For detailed platform-specific instructions, see CROSS_PLATFORM.md.

Quick Start

Python Usage

Dictionary Access

import nim_mmcif

# Parse an mmCIF file (returns dict by default)
data = nim_mmcif.parse_mmcif("path/to/file.mmcif")
print(f"Found {len(data['atoms'])} atoms")

# Access atom properties using dictionary notation
first_atom = data['atoms'][0]
print(f"Atom {first_atom['id']}: {first_atom['label_atom_id']}")
print(f"Position: ({first_atom['x']}, {first_atom['y']}, {first_atom['z']})")

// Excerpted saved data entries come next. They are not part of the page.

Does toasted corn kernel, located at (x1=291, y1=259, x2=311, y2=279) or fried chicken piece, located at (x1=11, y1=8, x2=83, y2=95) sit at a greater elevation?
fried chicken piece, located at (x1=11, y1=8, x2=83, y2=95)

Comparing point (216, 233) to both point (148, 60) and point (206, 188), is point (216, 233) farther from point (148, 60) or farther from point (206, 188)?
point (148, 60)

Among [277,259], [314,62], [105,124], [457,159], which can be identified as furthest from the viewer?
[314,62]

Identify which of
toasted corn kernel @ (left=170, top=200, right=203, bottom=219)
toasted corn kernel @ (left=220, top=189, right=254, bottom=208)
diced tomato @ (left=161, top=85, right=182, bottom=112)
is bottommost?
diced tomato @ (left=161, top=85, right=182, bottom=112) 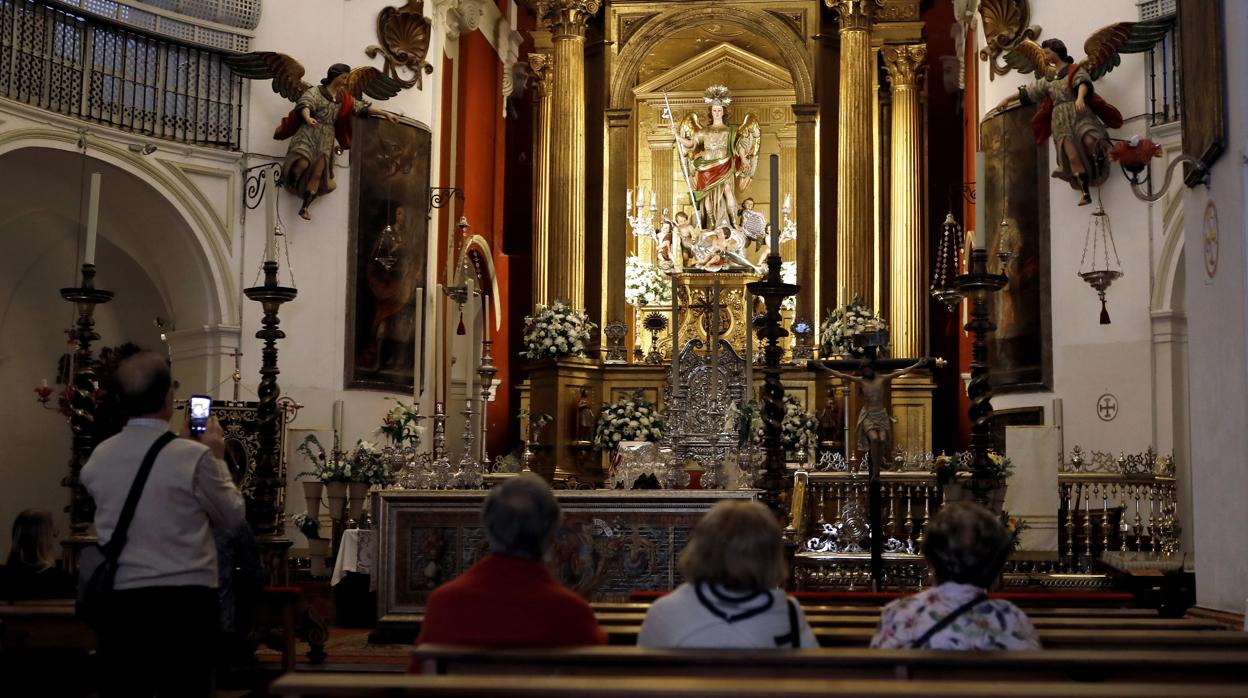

# Parse multiple files using glob patterns
results = nim_mmcif.parse_mmcif("path/to/*.mmcif")
for filepath, data in results.items():
    print(f"{filepath}: {len(data['atoms'])} atoms")

Dataclass Access

import nim_mmcif

# Parse with dataclass support for cleaner dot notation access
data = nim_mmcif.parse_mmcif("path/to/file.mmcif", as_dataclass=True)
print(f"Found {data.atom_count} atoms")

# Access atom properties using dot notation
first_atom = data.atoms[0]
print(f"Atom {first_atom.id}: {first_atom.label_atom_id}")
print(f"Position: ({first_atom.x}, {first_atom.y}, {first_atom.z})")
print(f"Chain: {first_atom.label_asym_id}, Residue: {first_atom.label_comp_id}")

# Use convenience properties and methods
print(f"Unique chains: {data.chains}")
print(f"Number of residues: {len(data.residues)}")

# Get all atoms from a specific chain
chain_a_atoms = data.get_chain('A')

# Get all atoms from a specific residue
residue_atoms = data.get_residue('A', 1)

# Get all positions as tuples
positions = data.positions  # List of (x, y, z) tuples

# Batch processing with dataclasses
results = nim_mmcif.parse_mmcif_batch(["file1.mmcif", "file2.mmcif"], as_dataclass=True)
for result in results:
    print(f"Structure has {result.atom_count} atoms in {len(result.chains)} chain(s)")

Other Functions

# Get atom count directly
count = nim_mmcif.get_atom_count("path/to/file.mmcif")
print(f"File contains {count} atoms")

# Get all atoms with their properties (returns list of dicts)
atoms = nim_mmcif.get_atoms("path/to/file.mmcif")
for atom in atoms[:5]:  # Print first 5 atoms
    print(f"Atom {atom['id']}: {atom['label_atom_id']} at ({atom['x']}, {atom['y']}, {atom['z']})")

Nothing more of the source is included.